Dans le domaine spatial, le nanosatellite cubique KILIÇSAT, destiné à tracer les positions et les routes des bateaux, sera lancé en 2023. Les signaux émis par ce satellite, développé conjointement par les trois sociétés GUMUSH, ASELSAN et METEKSAN et par l’université de la THK (fondation aérienne turque), seront transmis vers un amplificateur à faible bruit produit localement. Sera également lancé cette année le satellite d’observation terrestre İMECE développé par le secteur spatial (UZAY) de la fondation pour la recherche scientifique et technologique de Turquie (TÜBİTAK).

Pour les munitions, l’année 2023 verra les premières livraisons des missiles air-air BOZDOĞAN (à vue) et GÖKDOĞAN (au-delà de la portée visuelle) développés par l’institut de recherche et de développement pour l’industrie de défense (SAGE) de la TÜBİTAK. Le SİPER, système régional longue portée de défense sol-air aérobie et antimissile, développé en partenariat par ASELSAN, ROKETSAN et la TÜBİTAK SAGE à partir des programmes HİSAR A et O, devrait, lui aussi, entrer en service selon les propos tenus par le Président de l’industrie de défense turque.

Parmi les autres annonces concernant les munitions pour cette année figurent le début de l’intégration sur bâtiment de surface du système de défense aérienne de proximité GÖKDENİZ, les premières livraisons des missiles antichars courte portée KARAOK et des cibles ŞİMŞEK en configuration missile de croisière, ainsi que le début de la fabrication en série des torpilles sous-marines AKYA développées par ROKETSAN. Les turboréacteurs KTJ3200, construits par KALE pour les missiles nationaux de croisière SOM et antinavires ATMACA, seront livrés à leurs utilisateurs.

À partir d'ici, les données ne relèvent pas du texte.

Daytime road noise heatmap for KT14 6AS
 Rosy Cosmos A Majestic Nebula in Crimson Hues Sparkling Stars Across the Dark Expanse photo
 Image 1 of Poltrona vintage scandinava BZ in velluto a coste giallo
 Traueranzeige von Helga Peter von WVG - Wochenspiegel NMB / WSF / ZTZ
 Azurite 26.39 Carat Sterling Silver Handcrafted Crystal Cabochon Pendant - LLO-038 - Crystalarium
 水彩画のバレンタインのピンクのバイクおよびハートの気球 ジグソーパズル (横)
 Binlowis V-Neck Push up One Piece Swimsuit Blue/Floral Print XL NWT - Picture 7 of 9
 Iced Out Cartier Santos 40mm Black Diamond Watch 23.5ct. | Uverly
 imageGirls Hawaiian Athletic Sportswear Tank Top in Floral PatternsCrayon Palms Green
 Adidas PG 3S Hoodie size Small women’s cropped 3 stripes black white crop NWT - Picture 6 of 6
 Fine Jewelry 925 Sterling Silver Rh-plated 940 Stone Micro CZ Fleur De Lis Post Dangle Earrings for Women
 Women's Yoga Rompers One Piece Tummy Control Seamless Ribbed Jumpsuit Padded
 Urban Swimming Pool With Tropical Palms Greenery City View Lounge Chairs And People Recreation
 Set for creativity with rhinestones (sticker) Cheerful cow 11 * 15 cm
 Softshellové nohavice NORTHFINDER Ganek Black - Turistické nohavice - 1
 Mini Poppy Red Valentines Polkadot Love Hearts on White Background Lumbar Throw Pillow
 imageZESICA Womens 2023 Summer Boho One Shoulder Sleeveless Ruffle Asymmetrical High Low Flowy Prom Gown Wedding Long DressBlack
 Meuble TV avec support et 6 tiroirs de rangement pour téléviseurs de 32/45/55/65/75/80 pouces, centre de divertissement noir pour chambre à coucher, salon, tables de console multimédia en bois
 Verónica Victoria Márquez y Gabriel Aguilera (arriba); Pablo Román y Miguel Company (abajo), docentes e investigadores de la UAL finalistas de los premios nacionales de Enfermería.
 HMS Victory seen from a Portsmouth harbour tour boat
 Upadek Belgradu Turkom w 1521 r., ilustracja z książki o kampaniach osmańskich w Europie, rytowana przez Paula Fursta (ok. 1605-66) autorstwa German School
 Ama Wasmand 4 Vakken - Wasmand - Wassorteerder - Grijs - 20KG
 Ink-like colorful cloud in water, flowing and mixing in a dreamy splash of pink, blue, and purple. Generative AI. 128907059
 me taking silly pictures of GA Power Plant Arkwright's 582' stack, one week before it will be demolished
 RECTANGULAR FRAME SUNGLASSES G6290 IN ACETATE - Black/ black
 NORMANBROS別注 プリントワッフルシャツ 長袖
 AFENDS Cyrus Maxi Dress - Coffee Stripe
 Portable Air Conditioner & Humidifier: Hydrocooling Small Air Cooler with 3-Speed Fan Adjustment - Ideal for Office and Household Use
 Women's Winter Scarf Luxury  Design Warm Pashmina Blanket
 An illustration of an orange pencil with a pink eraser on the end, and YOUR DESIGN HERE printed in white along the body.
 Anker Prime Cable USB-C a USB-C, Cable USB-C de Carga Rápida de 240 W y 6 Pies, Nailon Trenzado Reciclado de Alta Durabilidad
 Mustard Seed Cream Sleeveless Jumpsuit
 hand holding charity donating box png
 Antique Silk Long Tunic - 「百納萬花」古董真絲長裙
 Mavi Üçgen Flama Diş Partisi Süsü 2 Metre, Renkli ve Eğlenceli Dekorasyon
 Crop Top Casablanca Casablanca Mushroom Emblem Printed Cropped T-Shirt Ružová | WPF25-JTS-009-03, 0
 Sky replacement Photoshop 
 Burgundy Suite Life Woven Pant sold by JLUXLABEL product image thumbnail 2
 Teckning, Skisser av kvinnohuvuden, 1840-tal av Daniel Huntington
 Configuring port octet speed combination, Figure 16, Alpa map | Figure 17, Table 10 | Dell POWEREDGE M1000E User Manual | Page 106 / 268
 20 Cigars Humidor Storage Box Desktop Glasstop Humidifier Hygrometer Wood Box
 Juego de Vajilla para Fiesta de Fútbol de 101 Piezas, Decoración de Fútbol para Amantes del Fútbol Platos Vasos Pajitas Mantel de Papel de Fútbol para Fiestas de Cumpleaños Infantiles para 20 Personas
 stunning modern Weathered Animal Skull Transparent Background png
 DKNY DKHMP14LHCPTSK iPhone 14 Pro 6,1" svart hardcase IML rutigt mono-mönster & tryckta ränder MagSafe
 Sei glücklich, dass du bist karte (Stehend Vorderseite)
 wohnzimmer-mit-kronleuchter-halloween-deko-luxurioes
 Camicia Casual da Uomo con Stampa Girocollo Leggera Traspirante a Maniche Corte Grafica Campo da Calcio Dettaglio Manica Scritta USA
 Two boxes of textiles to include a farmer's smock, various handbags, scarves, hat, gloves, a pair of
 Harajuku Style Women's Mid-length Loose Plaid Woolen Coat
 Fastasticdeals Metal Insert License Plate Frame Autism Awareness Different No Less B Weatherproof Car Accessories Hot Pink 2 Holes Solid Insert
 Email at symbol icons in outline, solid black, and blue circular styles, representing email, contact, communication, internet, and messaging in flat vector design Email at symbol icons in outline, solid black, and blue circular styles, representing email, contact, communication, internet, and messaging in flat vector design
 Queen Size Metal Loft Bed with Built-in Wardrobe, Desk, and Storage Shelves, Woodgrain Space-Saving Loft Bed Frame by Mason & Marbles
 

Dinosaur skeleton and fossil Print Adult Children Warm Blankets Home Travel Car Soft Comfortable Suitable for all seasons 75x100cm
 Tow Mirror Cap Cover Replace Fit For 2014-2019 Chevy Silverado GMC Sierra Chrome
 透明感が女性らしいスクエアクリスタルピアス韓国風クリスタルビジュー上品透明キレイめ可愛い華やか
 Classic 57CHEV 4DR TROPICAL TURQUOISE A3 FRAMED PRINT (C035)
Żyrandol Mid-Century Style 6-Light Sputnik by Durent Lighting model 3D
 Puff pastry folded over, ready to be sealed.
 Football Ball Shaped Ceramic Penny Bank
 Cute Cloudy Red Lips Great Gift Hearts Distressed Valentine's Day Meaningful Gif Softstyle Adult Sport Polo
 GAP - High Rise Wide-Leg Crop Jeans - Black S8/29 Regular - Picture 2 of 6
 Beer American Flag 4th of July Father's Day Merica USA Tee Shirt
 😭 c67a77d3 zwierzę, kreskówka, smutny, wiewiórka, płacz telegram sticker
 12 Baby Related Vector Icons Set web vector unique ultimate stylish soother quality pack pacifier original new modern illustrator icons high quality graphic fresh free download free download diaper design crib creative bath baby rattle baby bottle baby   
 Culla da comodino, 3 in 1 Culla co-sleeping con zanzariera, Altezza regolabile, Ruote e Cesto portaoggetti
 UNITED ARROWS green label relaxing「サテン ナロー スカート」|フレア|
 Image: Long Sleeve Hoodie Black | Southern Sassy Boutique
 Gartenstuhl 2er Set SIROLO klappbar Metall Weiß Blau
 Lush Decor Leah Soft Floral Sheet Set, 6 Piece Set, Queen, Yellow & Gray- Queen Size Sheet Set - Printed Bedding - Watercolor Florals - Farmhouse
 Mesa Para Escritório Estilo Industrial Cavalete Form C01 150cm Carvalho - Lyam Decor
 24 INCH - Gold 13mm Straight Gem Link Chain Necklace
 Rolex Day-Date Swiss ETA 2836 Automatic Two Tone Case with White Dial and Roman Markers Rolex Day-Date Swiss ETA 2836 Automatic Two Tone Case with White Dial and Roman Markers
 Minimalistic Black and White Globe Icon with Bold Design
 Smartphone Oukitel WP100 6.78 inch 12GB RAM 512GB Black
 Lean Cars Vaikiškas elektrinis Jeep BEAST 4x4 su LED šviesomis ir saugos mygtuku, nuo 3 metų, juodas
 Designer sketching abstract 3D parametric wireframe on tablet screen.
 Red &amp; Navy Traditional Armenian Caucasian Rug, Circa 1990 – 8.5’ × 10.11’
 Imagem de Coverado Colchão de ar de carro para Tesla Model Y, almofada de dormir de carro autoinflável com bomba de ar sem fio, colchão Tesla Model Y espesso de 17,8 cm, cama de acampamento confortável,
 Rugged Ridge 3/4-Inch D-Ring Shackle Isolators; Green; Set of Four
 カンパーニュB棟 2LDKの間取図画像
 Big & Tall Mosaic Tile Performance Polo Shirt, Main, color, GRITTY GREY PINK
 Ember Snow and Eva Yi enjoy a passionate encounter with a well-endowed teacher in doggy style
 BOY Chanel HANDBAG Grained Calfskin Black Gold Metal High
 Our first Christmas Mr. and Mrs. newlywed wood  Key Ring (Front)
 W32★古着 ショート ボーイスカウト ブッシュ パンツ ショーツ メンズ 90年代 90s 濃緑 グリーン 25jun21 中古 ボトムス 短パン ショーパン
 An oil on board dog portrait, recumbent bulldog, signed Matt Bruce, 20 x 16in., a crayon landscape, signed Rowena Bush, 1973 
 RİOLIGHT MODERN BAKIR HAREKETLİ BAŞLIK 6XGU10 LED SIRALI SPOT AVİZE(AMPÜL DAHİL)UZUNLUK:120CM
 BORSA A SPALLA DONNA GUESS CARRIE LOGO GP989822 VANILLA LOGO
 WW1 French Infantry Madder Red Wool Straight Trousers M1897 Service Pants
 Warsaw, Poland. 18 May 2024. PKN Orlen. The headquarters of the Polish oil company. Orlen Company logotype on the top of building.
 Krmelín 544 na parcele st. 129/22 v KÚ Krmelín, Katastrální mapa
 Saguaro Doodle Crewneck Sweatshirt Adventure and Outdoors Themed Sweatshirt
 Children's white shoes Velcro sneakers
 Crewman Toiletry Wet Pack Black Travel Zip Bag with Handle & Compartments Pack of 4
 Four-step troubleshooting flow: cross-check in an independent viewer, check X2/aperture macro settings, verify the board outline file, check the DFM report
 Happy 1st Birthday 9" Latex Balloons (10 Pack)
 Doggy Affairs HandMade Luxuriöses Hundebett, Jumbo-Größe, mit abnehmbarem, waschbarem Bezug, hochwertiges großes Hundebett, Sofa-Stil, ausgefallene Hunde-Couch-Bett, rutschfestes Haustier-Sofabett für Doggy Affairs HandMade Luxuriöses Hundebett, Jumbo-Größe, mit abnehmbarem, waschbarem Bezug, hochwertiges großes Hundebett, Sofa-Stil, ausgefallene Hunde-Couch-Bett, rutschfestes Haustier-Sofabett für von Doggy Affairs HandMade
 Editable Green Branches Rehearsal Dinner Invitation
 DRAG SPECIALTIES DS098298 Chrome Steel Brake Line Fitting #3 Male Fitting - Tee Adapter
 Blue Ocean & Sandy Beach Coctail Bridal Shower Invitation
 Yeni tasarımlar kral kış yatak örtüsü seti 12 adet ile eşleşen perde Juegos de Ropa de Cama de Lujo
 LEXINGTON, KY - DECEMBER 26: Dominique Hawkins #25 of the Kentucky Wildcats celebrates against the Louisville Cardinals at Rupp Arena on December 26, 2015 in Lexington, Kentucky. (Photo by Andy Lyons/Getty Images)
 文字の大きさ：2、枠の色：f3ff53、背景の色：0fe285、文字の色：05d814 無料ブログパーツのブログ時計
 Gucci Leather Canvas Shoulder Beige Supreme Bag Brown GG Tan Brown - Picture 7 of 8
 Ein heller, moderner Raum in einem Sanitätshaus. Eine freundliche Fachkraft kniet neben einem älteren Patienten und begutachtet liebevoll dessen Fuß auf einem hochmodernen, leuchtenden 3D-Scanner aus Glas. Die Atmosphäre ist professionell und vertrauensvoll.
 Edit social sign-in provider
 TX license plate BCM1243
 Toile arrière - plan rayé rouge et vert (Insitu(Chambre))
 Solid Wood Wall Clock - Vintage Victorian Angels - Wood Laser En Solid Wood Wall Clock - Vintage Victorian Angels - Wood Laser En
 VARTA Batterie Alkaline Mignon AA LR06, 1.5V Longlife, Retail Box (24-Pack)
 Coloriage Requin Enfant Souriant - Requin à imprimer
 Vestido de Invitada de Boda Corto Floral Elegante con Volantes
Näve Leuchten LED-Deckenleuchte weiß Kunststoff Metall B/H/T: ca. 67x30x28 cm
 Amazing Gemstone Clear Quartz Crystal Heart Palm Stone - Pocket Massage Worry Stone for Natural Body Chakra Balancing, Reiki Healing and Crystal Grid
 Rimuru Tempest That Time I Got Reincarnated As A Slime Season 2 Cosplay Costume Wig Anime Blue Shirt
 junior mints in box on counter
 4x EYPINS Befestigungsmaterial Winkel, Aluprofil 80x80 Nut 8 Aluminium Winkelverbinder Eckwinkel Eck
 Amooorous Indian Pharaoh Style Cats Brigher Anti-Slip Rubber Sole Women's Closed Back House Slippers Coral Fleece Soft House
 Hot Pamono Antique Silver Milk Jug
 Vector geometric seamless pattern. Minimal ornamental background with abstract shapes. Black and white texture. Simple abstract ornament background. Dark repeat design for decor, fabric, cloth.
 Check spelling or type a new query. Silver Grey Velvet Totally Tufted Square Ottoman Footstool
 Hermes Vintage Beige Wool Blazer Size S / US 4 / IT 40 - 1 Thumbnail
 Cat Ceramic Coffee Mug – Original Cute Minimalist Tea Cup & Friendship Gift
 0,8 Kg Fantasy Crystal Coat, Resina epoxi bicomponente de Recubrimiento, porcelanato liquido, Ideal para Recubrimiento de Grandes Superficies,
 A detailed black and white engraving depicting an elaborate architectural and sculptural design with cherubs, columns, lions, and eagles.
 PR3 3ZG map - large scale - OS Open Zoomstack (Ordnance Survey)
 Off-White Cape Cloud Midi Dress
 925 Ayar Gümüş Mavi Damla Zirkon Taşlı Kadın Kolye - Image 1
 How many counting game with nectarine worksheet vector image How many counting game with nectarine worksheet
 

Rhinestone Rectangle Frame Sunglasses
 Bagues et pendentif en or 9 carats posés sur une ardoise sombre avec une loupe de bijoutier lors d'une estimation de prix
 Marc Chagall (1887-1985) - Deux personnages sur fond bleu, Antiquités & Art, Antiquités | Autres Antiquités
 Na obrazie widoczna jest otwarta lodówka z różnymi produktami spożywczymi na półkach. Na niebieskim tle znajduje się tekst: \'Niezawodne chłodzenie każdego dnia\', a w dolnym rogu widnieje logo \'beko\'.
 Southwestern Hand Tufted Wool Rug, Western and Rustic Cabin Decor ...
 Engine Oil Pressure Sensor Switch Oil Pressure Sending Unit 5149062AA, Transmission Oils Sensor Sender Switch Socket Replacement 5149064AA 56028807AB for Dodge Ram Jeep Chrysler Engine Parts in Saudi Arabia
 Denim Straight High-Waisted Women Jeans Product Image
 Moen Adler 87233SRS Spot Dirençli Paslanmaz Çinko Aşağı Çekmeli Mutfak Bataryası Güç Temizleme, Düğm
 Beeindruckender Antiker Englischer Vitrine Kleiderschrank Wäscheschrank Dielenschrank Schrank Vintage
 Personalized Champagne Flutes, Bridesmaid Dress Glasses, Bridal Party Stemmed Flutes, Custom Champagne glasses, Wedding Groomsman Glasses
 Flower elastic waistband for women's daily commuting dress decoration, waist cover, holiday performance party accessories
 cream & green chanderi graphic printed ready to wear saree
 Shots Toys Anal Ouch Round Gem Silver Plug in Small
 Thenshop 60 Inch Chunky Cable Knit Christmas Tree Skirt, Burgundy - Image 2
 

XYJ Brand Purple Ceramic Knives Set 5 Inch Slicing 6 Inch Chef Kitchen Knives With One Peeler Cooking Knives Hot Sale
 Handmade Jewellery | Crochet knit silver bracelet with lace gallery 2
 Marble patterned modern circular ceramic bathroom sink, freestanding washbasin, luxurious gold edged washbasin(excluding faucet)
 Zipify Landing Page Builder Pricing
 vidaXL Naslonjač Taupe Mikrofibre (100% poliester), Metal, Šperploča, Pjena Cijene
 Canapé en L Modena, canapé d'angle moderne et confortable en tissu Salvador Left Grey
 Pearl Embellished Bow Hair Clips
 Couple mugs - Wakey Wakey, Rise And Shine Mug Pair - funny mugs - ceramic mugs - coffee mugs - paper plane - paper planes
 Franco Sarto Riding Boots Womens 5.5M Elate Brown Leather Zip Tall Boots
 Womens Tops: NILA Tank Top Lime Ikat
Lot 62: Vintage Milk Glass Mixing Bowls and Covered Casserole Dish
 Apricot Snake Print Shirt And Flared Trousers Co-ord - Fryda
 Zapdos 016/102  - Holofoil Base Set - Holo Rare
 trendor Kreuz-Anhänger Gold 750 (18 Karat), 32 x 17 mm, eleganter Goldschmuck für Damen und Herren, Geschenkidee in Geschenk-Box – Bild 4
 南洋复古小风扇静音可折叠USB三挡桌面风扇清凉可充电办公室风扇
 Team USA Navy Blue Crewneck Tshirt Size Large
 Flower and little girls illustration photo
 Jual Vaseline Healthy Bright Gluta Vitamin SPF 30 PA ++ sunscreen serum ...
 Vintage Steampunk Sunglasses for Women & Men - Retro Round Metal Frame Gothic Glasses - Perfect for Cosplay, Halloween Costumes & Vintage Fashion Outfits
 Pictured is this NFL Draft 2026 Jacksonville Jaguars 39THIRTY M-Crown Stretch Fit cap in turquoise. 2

Dans le domaine de l’électronique, le radar à antenne active (Active Electronically Scanned Array, AESA) développé par ASELSAN sera intégré, pour la première fois, sur le TİHA (Taarruzi İnsansız Hava Aracı, drone aérien offensif) AKINCI fabriqué par BAYRAKTAR, ainsi que sur les chasseurs-bombardiers F-16 de l’armée de l’Air turque. Interviendront également cette année les premières livraisons du système radar d’alerte avancée ERALP d’ASELSAN, l’intégration et la mise en œuvre sur F-16 à la fois du pod national de guerre électronique MEHPOD d’ASELSAN et du pod de soutien électronique EDPOD développé par le centre de recherche sur les technologies avancées en informatique et sécurité des données (BİLGEM) de la TÜBİTAK, ainsi que les premières utilisations du système électronique offensif portable MERT conçu par la Société METEKSAN.

Enfin devraient être achevés tous les travaux d’installations du projet de système de gestion de la sécurité urbaine et de reconnaissance de plaques d’immatriculation.

Des mesures ambitieuses soumises à un budget contraint

Comme tous les ans, il s’agit d’une annonce de projets très ambitieuse qui s’inscrit dans la politique d’autonomie poursuivie par l’exécutif turc mais qui, d’une manière récurrente, se heurte à la réalité de la part du budget de la défense consacré à l’équipement des forces, ce qui explique les reports successifs d’un nombre non négligeable de programmes. Au-delà des enjeux électoraux, 2023 sera une année particulièrement intéressante à suivre à ce sujet car, si la Turquie n’entendra pas renoncer à ses ambitions en matière d’industrie de défense, la situation économique précaire du pays, ainsi que les priorités qui seront inévitablement données à la reconstruction des zones sinistrées à la suite des tremblements de terre successifs des 6, 20 et 27 février 2023, constitueront deux variables qui pèseront lourd à l’heure des choix.